With votes going his way one by one and a new poll showing that the public strongly backs his leadership, Mr. Ford is wielding power with growing swagger. The brash former city councillor has emerged as a confident, determined city leader, hell bent on getting his way and quite willing to brush aside anyone who tries to stop him.

That includes one Dalton McGuinty. This week the Liberal Premier had the temerity to refuse Mr. Ford's request for a provincial handout of hundreds of millions to pay for transit operations, road repairs and subsidized child care. When Mr. McGuinty said no - he is facing a $18.7-billion deficit, after all - Mr. Ford was not pleased.

If Mr. McGuinty continues to refuse the city, Mr. Ford said in an interview on Newstalk 1010 on Wednesday, "obviously there's a provincial election going to happen Oct. 6 and I want to work with him, not against him, but obviously if he's not helping out the city I'm going to have no choice to work against him. ... I'll have no other choice but to get out, as I call it, Ford Nation, and make sure they're not re-elected in the next election."

Coming from Mr. Ford, that is more than an idle threat. A new poll suggests that 60 per cent of Torontonians approve of his performance. Mr. McGuinty's approval rating stands at 16 per cent. That makes him the second least popular premier in the country, after Quebec's Jean Charest. Mr. Ford, by contrast, is probably the most popular, most watched politician in Ontario - and he knows it.
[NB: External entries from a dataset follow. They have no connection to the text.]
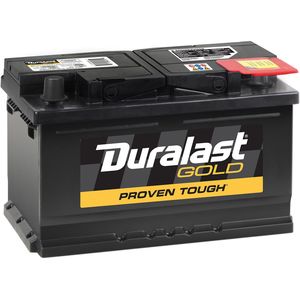 Download Duralast Jump Starter Manual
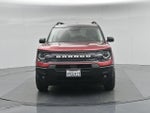 2025 Bronco Sport Thumbnail 25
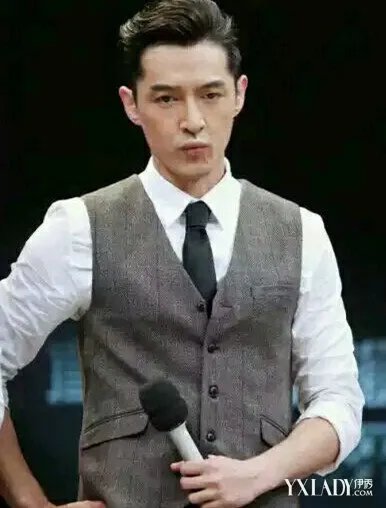 胡歌上快乐大本营遭禁播揭秘其禁播内幕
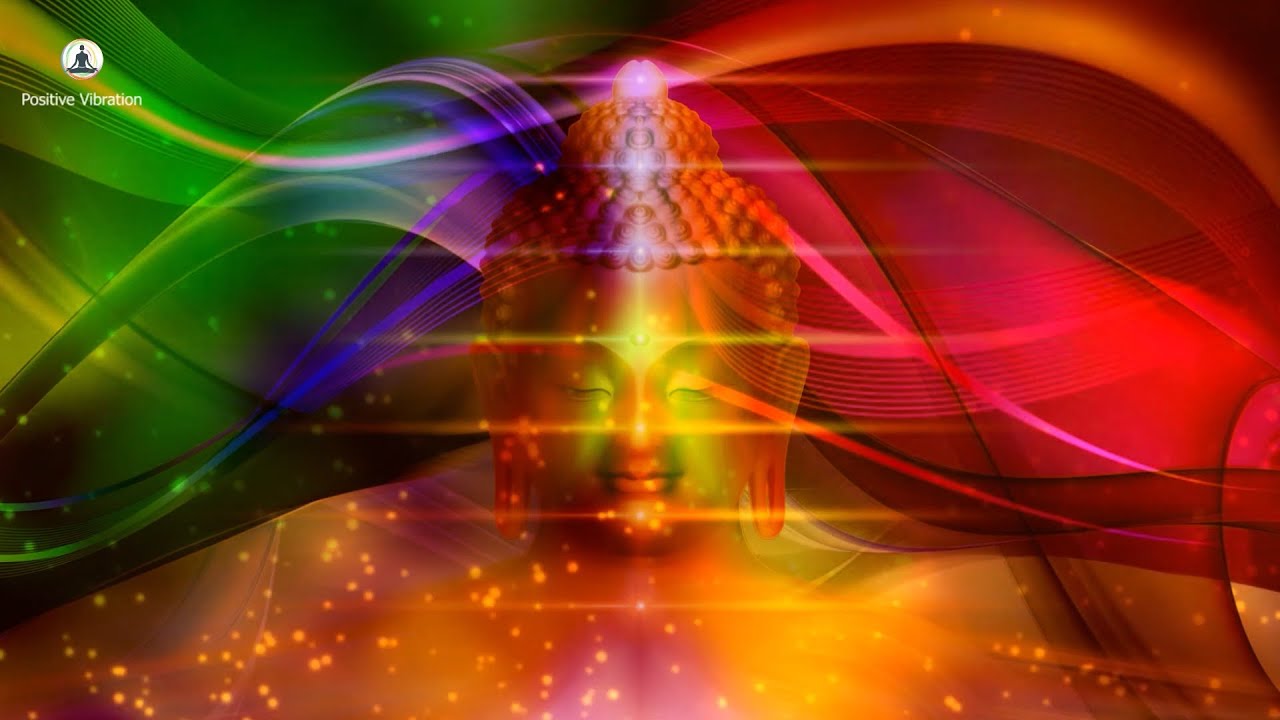 Remove All Bad Energy, Evil Spirit, Curses, Hexes l Protect You & Your Family from Evil Eyes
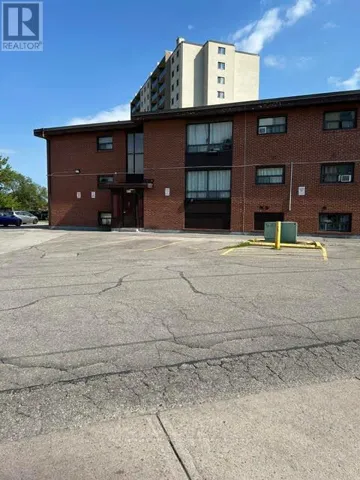 104 - 211 NONQUON ROAD N, Oshawa (Centennial), Ontario L1G3S7
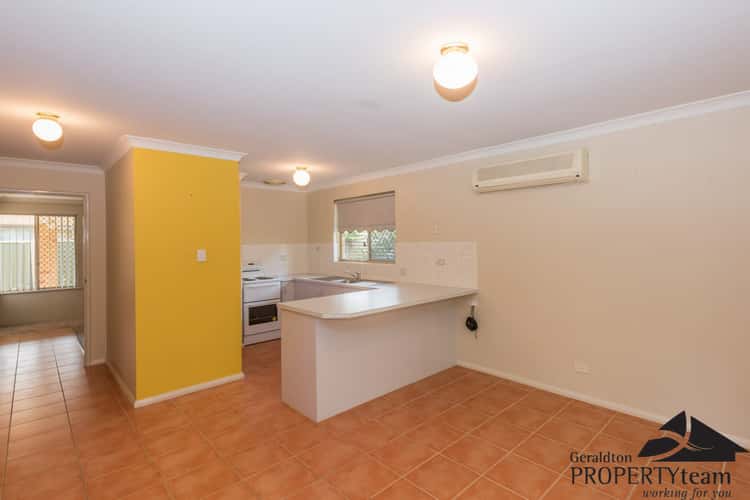Sixth view of Homely villa listing, 1/141 Railway Street, Bluff Point WA 6530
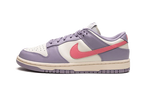 Nike Dunk Low Indigo Haze (Women's) (DD1503-500) | SneakerClassics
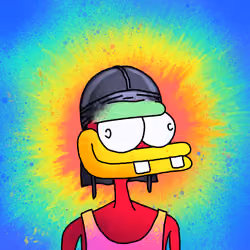 SupDuck 7235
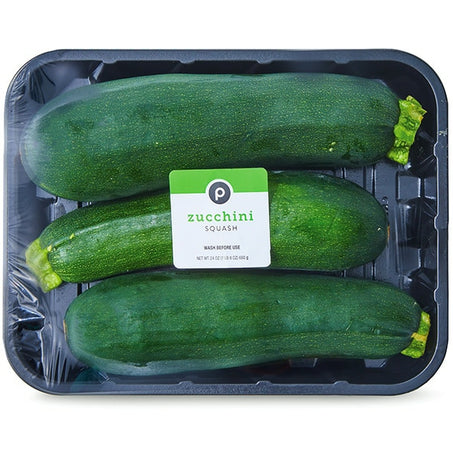 Publix Zucchini Squash 24 oz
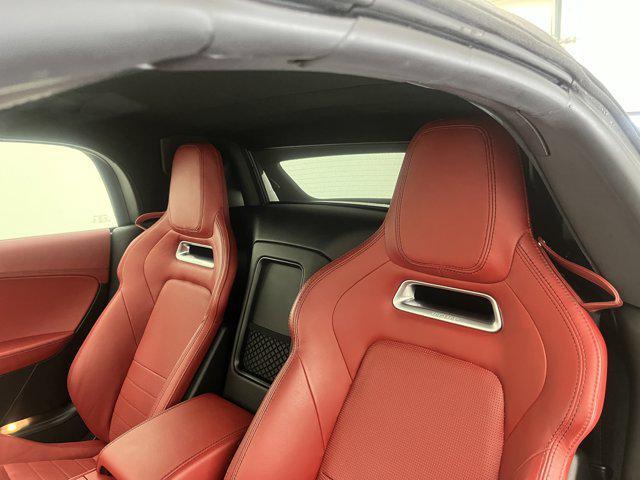 used 2018 Jaguar F-TYPE car, priced at $46,900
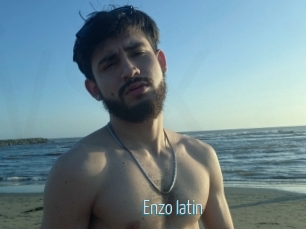 enzo_latin Video Sexe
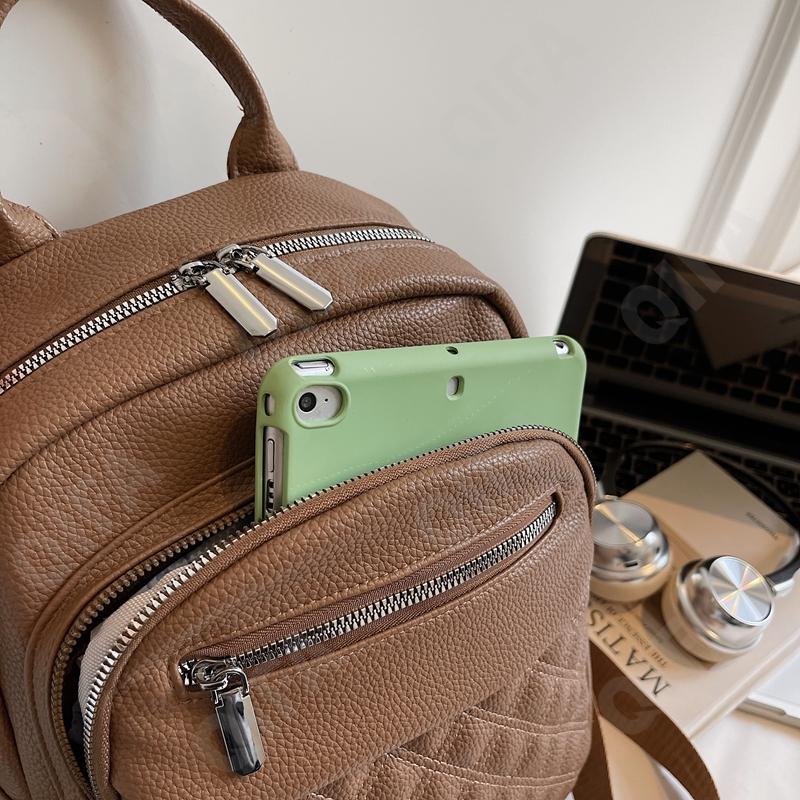 Женский Рюкзак CC036_8102-1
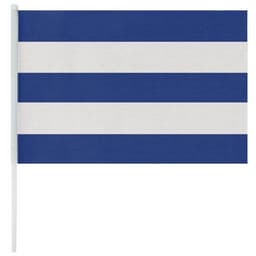 BANDERÍN ANIMACIÓN "JANO"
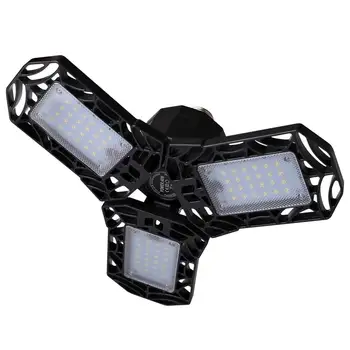 LED Mining Light High Power 40W Multi-facet Irradiated Waterproof Light-sensing Garage Light 30DC11
LED Mining Light High Power 40W Multi-facet Irradiated Waterproof Light-sensing Garage Light 30DC11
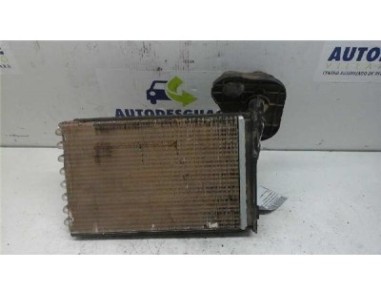 Radiador Calefaccion Citroen BERLINGO 1 8 D 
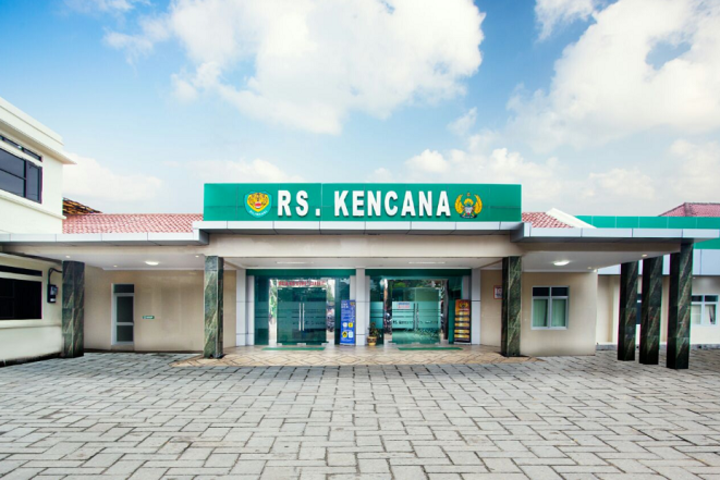 Rumah Sakit Dkt Serang - KibrisPDR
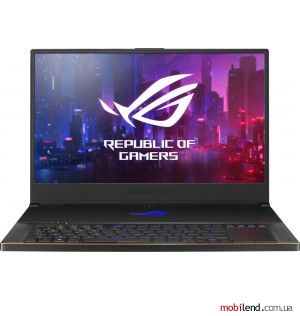 Asus ROG Zephyrus S GX701GX-EV058T
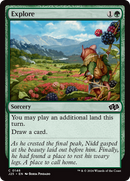 Explore [Foundations Jumpstart] - Destination Retro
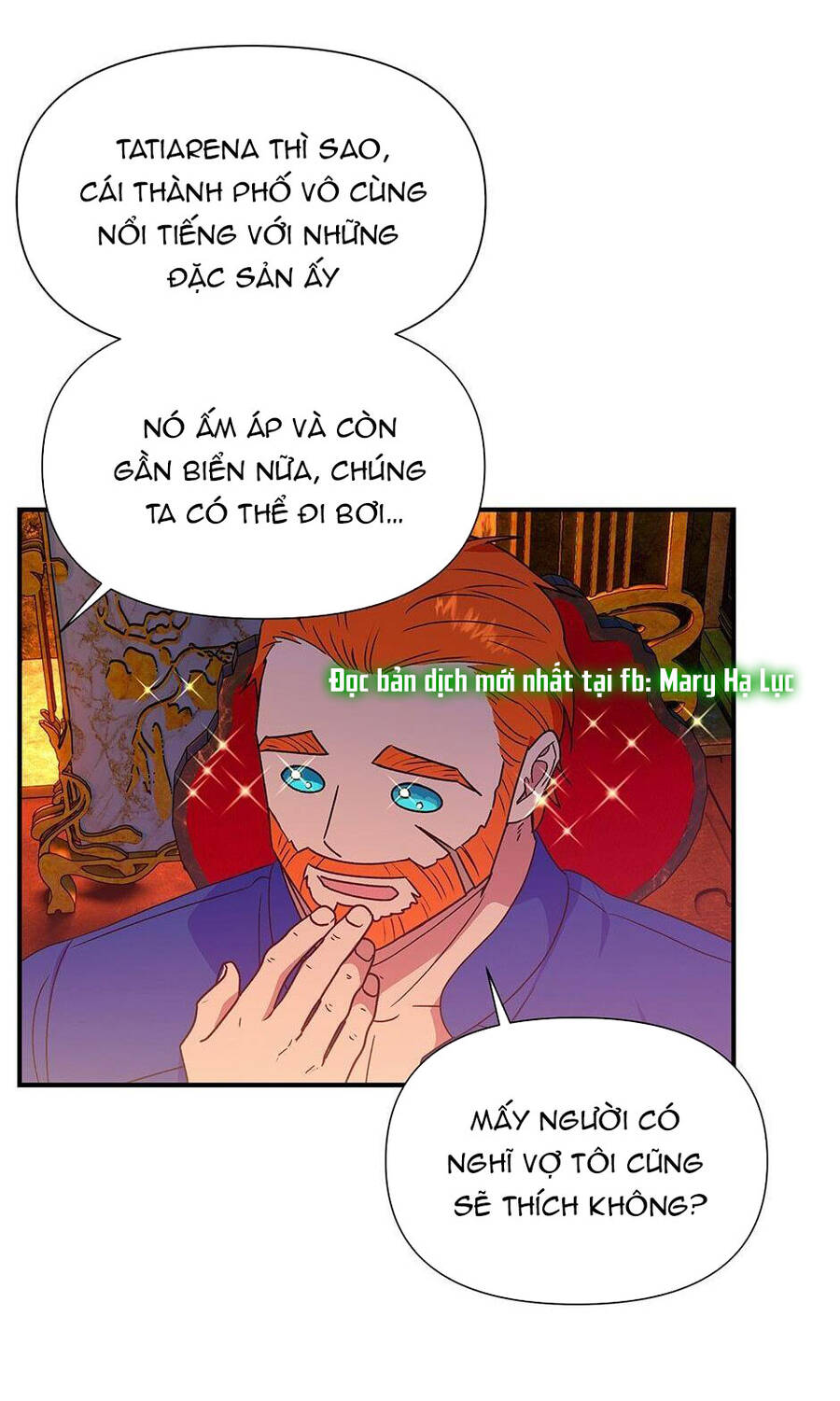 Bản Khế Ước Với Nữ Công Tước Ác Ma - Chương 103 - Trang 23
Consider events at Toronto Community Housing. On paper, Mr. Ford doesn't have the right to sweep away the leadership of the troubled agency, even after the headline-grabbing mess over spa treatments and gift chocolates. That is the job of city council, not the mayor. He bulled ahead regardless, telling a press conference on Monday that he wants the resignations of seven citizen board members and making it clear he also wants the head of chief executive Keiko Nakamura on a pike. Now that they have defied him (as he put it on radio) by refusing to quit, he is warning he may hold a council vote to get rid of them. He would probably win it.

In his dealings with Mr. McGuinty, he is playing just as boldly. Technically, he is very much the junior partner in any parlay with the provincial government, too. Queen's Park dictates what powers the city holds and pays many of its bills. In pure power terms, though, he now holds the whip hand.

Soon after taking office on Dec. 1, he went to Mr. McGuinty and told him that Toronto intended to kill Transit City, the multibillion-dollar light-rail transit scheme. The Premier meekly bowed to his will, even though his own provincial government was paying almost the whole freight for the project, and despite the fact that Queen's Park still considers Transit City the most sensible answer to Toronto's mass-transit shortage.

A few weeks later, the Premier practically tripped over himself rushing to comply with Mr. Ford's demand to ban transit strikes in the city. Now that Mr. McGuinty is pushing back a bit over the request for hundreds of millions, the mayor appears hardly capable of believing it. "Hopefully he'll co-operate," he said, speaking of the Premier the way a cop speaks about a suspect waiting behind the one-way mirror. "He's been co-operating so far."

Why exactly he should co-operate is hard to understand. Even if Queen's Park had that kind of money lying around, which it doesn't, it would be well within its rights to tell Mr. Ford to take a walk. This is the mayor, after all, who has said for years that the city has a spending problem, not a revenue problem. If so, why is he going begging to the province? If it's all about cutting waste and stopping the gravy train, why does he need Ontario taxpayers to bail the city out?

The demand on Queen's Park's treasury looks especially weak considering that Mr. Ford cut the city's own revenues by around $120-million when he killed the car registration tax and froze property taxes for a year, putting Toronto in a considerable hole. Now he wants Mr. McGuinty to pitch in to make up the shortfall he himself has helped create.

He has swagger, all right. When reporters asked the mayor the other day why he was ducking them, he said that he was "300 pounds of fun" and easy to find. He might have added: and hard to stop.